General Renuart: First, the CSTs do provide that quick look, first response, sort of "how big is the boom" assessment. They do have a limited ability to do some analytical work and certainly to help in consequence management to a degree, but mostly in the category of defining the size of the problem. The 17 CERFPs provide a more robust capability to come in and begin to assist the state in the consequence management portion of that. And for many events, that may be enough. If it is a chemical spill or an explosion at a chemical production facility that is relatively limited, those capabilities can and should be sufficient. In the event that we have a catastrophic event, or in the event that we have multiple events, albeit each of them may be slightly smaller, we need to have a capability to move a fairly robust response force into place that can certainly assist in the consequence management piece, can assist in the medical response, can assist with some engineering capability to help mitigate the site, and begin to isolate it from the general population as best you can.

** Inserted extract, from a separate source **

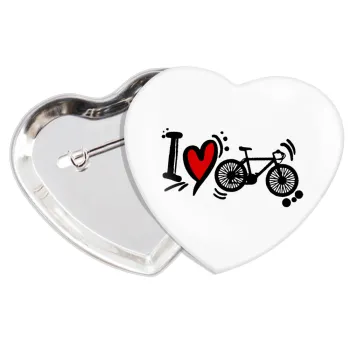I love my bike, Κονκάρδα παραμάνα καρδιά (57x52mm)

Today, we have notionally filled one of these forces. We call it the CBRNE Consequence Management Response Force, or CCMERF. We have notional sourcing to fill one of those. We do not have sourcing to fill the other two forces that we've been tasked to build, and as a result, multiple, near-simultaneous attacks today would be a challenge; we don't have the size of force necessary. The Department of Defense has made a commitment to build those, and so we hope that through fiscal 2008, we'll begin to see the funding and the identification of forces so we can do that. The key to this is that these forces cannot be on a 2-week recall. They have to be accessible because if the event occurs today, the American public will expect a response tomorrow. And so, these are forces that have unique skills, they have to be trained, they have to be mobile enough so that we can get them to the site, and they have to be ready enough to move on a relatively short notice so that they can come in to fill the void that will come from CST to CERFP to something larger. I think we're on a good track to have all the forces certified by the January 1 time period.